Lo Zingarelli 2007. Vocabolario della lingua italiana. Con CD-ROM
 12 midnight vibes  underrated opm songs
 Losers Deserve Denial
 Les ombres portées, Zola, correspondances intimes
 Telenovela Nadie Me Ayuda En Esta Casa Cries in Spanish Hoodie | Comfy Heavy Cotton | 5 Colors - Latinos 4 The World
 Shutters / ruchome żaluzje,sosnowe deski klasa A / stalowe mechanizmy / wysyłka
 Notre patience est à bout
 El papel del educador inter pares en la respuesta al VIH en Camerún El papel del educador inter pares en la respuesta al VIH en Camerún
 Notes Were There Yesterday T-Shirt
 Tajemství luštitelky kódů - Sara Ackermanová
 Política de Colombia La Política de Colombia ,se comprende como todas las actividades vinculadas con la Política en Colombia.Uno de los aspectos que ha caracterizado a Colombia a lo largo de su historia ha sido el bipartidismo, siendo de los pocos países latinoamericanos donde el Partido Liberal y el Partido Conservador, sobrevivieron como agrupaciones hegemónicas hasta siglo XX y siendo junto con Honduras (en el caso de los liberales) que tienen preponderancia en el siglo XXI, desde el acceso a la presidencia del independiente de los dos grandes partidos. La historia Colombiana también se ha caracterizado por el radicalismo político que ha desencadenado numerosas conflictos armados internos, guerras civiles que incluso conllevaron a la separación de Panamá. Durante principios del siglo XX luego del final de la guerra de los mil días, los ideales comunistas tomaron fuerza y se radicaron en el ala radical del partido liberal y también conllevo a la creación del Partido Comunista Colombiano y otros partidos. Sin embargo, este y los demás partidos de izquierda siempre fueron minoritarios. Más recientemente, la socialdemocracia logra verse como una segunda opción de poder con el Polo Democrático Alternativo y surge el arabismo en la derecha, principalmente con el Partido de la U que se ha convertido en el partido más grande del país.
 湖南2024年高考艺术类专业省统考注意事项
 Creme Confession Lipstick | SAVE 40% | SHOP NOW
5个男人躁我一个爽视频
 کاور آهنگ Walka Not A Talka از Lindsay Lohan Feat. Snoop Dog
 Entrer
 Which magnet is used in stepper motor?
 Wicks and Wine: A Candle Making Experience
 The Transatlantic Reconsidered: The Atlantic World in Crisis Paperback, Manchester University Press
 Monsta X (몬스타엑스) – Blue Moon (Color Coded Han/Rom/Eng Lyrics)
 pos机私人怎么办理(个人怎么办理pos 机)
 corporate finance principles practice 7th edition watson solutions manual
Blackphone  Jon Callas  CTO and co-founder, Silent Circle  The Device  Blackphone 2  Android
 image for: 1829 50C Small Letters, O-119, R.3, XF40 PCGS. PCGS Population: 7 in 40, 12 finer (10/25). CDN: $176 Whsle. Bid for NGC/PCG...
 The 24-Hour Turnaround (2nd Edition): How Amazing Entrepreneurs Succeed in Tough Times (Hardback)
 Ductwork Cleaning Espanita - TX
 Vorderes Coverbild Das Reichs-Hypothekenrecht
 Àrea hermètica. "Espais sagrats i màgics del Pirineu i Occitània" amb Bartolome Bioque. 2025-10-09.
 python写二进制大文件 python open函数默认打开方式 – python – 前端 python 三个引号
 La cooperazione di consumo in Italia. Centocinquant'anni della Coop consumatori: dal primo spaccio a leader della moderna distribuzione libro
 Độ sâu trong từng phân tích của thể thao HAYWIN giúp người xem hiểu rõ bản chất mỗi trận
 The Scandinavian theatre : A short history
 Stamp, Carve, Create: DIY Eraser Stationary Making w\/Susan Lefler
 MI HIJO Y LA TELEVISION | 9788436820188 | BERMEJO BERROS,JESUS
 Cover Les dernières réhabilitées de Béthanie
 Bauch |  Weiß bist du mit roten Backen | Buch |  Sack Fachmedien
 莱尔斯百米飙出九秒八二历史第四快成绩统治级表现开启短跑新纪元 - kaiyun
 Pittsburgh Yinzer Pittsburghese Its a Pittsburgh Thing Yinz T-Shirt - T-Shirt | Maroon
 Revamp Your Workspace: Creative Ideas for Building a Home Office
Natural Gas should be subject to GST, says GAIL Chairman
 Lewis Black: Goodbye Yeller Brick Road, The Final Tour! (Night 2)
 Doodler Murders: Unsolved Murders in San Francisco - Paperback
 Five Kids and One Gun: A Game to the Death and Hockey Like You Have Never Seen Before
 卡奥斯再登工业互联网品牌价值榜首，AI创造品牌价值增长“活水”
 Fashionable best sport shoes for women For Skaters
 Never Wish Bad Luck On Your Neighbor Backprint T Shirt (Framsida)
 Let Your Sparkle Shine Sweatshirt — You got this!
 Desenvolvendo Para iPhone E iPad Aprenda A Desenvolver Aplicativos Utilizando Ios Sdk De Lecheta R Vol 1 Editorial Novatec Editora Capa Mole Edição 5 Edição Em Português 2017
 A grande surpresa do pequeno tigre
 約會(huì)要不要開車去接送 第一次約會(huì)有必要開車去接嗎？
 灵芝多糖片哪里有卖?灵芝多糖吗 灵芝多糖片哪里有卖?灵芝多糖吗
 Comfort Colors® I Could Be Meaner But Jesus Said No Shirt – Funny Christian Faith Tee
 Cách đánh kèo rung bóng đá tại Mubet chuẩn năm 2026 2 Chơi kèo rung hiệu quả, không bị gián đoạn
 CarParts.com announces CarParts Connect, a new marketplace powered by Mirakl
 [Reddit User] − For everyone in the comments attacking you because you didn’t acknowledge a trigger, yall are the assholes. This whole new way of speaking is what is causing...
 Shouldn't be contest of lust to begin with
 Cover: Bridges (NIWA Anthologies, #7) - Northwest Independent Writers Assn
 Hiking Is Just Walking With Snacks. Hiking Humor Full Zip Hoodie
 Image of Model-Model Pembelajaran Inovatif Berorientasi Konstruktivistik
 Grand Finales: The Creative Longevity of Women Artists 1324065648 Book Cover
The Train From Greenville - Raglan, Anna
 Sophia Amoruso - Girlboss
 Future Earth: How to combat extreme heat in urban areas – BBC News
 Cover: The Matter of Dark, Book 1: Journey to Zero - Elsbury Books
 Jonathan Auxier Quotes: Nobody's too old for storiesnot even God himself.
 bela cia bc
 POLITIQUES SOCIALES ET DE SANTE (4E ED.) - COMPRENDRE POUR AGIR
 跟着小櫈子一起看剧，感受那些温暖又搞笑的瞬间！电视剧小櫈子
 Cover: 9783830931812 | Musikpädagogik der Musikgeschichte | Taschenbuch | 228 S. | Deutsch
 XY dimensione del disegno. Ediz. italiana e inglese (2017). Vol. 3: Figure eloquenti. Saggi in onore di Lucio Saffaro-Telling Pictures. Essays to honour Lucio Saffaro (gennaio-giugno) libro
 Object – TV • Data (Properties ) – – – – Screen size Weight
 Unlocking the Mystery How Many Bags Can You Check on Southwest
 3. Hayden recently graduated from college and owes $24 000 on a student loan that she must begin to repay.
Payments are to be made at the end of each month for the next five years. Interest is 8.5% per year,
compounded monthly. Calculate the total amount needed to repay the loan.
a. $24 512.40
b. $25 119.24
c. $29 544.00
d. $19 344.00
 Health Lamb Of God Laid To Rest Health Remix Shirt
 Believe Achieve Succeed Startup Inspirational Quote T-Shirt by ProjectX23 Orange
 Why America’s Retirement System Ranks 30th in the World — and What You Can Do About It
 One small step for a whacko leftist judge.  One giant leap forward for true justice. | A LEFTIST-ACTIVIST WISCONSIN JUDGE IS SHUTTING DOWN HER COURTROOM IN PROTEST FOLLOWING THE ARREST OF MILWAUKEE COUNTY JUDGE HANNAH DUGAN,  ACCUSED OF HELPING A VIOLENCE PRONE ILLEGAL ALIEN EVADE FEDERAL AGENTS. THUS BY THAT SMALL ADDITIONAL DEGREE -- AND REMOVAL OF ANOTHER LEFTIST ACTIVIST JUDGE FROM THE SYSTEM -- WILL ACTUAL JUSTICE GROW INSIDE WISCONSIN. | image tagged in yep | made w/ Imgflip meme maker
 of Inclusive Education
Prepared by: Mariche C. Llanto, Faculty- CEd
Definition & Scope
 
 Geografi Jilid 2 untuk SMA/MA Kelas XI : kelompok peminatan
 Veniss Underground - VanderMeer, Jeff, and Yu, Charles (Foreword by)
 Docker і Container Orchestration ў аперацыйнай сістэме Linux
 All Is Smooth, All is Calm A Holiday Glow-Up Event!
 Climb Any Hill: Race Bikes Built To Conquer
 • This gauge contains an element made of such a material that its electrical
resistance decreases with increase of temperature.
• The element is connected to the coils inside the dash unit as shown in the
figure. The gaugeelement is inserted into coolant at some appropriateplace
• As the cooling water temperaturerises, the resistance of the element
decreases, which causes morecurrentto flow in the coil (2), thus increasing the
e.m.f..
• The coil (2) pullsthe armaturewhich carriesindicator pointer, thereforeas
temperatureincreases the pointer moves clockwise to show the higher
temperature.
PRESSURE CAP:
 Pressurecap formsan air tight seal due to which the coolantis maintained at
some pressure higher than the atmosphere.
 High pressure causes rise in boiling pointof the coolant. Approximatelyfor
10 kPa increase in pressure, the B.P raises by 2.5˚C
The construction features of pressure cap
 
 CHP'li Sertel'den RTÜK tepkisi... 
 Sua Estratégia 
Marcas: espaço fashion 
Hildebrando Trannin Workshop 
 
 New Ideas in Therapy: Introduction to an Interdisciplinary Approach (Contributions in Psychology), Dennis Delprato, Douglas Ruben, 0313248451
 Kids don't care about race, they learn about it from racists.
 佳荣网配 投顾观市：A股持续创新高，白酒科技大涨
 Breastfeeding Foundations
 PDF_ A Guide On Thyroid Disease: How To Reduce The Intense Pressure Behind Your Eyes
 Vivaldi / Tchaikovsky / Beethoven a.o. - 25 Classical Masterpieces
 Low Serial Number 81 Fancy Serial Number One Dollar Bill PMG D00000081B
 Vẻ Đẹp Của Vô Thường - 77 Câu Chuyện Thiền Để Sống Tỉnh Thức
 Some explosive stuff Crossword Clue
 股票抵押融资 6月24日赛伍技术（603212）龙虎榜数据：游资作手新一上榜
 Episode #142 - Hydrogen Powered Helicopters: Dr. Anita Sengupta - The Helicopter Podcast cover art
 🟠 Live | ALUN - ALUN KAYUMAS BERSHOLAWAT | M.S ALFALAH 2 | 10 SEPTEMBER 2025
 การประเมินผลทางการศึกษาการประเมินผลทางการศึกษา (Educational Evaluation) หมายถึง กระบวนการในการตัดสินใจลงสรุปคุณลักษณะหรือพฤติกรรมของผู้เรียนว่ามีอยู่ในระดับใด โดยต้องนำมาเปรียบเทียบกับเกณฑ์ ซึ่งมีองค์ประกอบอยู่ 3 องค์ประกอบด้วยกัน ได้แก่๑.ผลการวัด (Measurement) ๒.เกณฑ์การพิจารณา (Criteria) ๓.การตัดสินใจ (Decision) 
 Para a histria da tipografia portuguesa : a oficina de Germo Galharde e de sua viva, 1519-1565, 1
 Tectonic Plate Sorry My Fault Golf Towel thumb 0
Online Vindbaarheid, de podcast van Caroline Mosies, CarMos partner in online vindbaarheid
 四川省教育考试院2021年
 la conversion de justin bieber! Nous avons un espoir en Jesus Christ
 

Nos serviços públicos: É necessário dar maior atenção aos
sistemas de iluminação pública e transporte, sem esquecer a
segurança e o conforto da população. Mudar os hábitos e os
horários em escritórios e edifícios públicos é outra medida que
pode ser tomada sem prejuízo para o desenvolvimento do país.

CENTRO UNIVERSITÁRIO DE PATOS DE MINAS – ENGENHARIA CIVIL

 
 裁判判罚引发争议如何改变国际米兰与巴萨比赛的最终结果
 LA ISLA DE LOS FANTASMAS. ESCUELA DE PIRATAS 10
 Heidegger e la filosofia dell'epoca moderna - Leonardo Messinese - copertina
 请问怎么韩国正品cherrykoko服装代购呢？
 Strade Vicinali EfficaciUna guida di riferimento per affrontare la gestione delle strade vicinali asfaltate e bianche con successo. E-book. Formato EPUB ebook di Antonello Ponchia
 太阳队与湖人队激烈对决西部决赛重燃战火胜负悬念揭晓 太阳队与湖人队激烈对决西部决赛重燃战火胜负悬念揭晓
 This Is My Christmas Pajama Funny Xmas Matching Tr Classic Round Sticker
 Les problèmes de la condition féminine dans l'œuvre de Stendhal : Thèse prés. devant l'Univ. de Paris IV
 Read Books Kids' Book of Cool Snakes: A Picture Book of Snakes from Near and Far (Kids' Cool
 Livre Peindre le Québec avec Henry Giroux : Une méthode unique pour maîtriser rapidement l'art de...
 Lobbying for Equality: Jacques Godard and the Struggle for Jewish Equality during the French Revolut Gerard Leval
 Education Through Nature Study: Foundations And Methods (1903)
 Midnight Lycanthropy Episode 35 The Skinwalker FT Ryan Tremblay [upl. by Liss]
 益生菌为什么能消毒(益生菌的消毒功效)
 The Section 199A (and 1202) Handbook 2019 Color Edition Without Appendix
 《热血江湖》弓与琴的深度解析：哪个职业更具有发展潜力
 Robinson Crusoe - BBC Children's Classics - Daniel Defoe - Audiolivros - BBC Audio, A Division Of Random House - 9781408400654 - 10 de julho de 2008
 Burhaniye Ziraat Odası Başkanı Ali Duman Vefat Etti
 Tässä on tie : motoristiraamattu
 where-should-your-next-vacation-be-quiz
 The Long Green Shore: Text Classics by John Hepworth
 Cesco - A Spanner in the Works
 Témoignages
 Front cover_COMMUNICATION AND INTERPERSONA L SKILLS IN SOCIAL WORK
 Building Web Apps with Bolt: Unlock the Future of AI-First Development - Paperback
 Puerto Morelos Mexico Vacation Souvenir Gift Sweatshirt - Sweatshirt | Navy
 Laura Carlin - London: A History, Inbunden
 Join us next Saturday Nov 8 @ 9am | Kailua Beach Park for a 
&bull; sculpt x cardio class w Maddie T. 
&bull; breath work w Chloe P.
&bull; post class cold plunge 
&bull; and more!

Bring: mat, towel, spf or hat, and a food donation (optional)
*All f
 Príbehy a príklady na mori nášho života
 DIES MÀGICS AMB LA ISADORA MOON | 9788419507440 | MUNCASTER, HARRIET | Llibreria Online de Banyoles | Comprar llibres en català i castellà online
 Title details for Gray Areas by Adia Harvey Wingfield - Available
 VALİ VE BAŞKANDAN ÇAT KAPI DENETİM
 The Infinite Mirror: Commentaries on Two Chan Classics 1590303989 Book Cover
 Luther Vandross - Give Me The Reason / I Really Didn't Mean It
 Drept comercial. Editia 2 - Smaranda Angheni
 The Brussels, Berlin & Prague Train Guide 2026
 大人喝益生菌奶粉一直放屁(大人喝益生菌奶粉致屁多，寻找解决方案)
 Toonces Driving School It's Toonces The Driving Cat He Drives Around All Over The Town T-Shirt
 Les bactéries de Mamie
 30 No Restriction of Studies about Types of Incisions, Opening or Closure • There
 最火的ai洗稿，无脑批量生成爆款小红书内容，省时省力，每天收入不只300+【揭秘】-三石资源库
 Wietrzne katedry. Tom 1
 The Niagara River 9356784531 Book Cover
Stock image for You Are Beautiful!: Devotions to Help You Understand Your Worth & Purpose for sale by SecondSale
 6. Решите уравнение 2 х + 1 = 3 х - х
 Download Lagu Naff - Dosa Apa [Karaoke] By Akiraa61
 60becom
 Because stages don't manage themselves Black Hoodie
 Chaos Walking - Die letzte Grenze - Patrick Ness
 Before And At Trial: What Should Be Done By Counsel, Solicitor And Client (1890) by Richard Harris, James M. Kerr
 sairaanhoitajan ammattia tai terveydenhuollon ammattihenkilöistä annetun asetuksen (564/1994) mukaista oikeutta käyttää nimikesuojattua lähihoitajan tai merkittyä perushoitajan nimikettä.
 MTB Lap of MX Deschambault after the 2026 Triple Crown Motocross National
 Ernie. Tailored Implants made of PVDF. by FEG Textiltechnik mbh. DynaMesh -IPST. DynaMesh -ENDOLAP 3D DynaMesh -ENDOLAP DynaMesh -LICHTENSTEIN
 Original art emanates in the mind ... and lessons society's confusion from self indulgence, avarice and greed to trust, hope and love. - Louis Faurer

*Requirement*: If a line of the records includes the string "grande", copy it out.

*Answer*:
 Política de Colombia La Política de Colombia ,se comprende como todas las actividades vinculadas con la Política en Colombia.Uno de los aspectos que ha caracterizado a Colombia a lo largo de su historia ha sido el bipartidismo, siendo de los pocos países latinoamericanos donde el Partido Liberal y el Partido Conservador, sobrevivieron como agrupaciones hegemónicas hasta siglo XX y siendo junto con Honduras (en el caso de los liberales) que tienen preponderancia en el siglo XXI, desde el acceso a la presidencia del independiente de los dos grandes partidos. La historia Colombiana también se ha caracterizado por el radicalismo político que ha desencadenado numerosas conflictos armados internos, guerras civiles que incluso conllevaron a la separación de Panamá. Durante principios del siglo XX luego del final de la guerra de los mil días, los ideales comunistas tomaron fuerza y se radicaron en el ala radical del partido liberal y también conllevo a la creación del Partido Comunista Colombiano y otros partidos. Sin embargo, este y los demás partidos de izquierda siempre fueron minoritarios. Más recientemente, la socialdemocracia logra verse como una segunda opción de poder con el Polo Democrático Alternativo y surge el arabismo en la derecha, principalmente con el Partido de la U que se ha convertido en el partido más grande del país.
 A grande surpresa do pequeno tigre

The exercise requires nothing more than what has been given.